→ THE TASK: Transcribe the listing below word for word but skip its images.

→ STORED DATA:
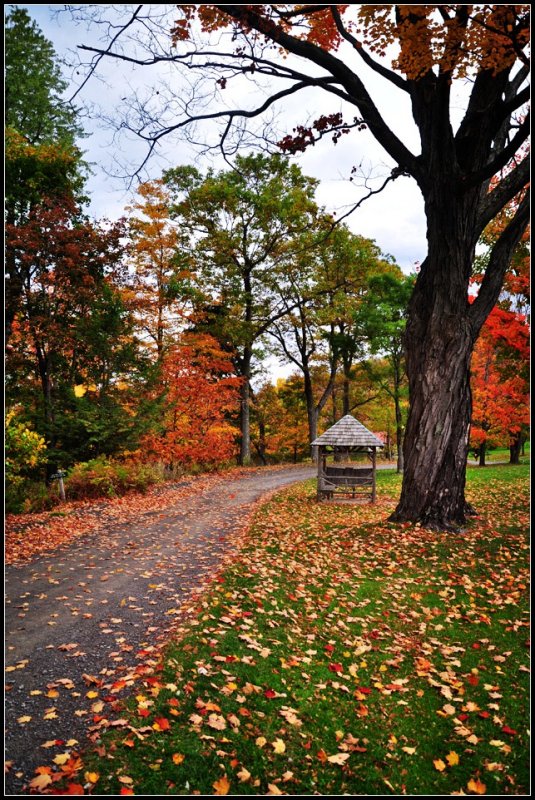 DSC_2613_1.jpg
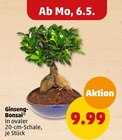 Aktuelles Ginseng-Bonsai Angebot bei Penny-Markt in Bielefeld ab 9,99 €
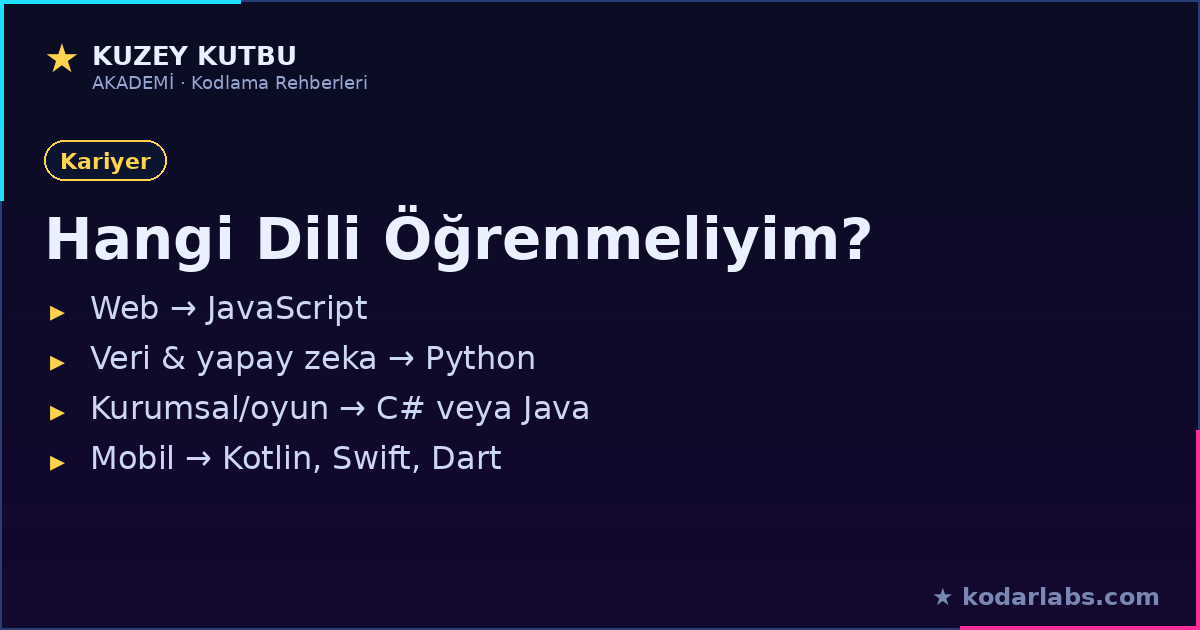 Hangi programlama dilini öğrenmeliyim infografiği: web, veri, kurumsal ve mobil için dil önerileri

→ FINISHED EXERCISE:
 DSC_2613_1.jpg
 Aktuelles Ginseng-Bonsai Angebot bei Penny-Markt in Bielefeld ab 9,99 €
 Hangi programlama dilini öğrenmeliyim infografiği: web, veri, kurumsal ve mobil için dil önerileri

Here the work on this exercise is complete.